▸ Data segment
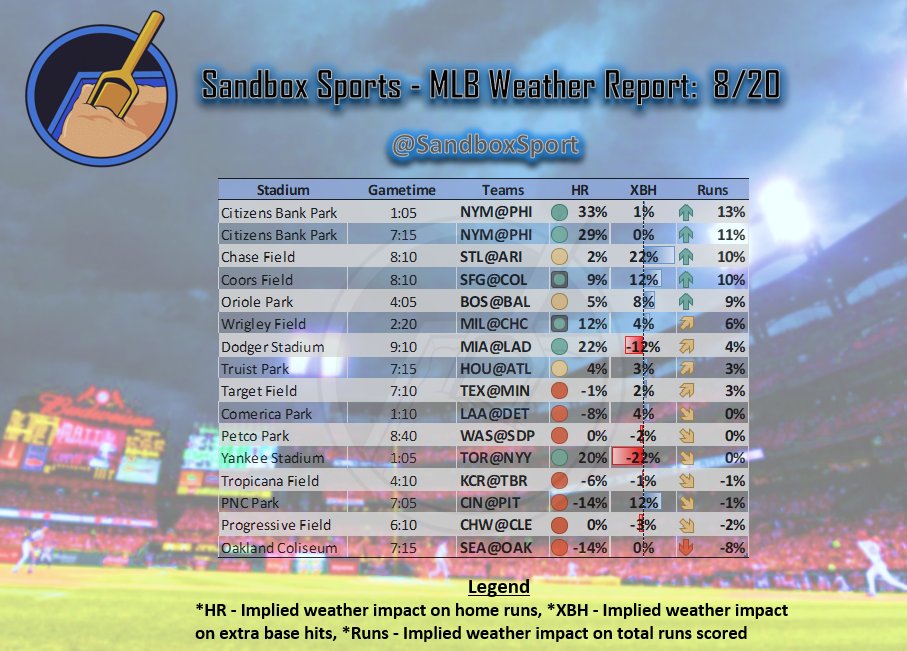 SandboxNate's tweet photo. Sandbox Sports (@SandboxSport) - MLB Cheat Sheets 8/20

#SandboxSports #GamblingTwitter #LetsDarty

1/2 https://t.co/elgdjqWTQt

▸ What the task asks
Copy every line of the data word for word, omitting the images.

▸ Task solution
 SandboxNate's tweet photo. Sandbox Sports (@SandboxSport) - MLB Cheat Sheets 8/20

#SandboxSports #GamblingTwitter #LetsDarty

1/2 https://t.co/elgdjqWTQt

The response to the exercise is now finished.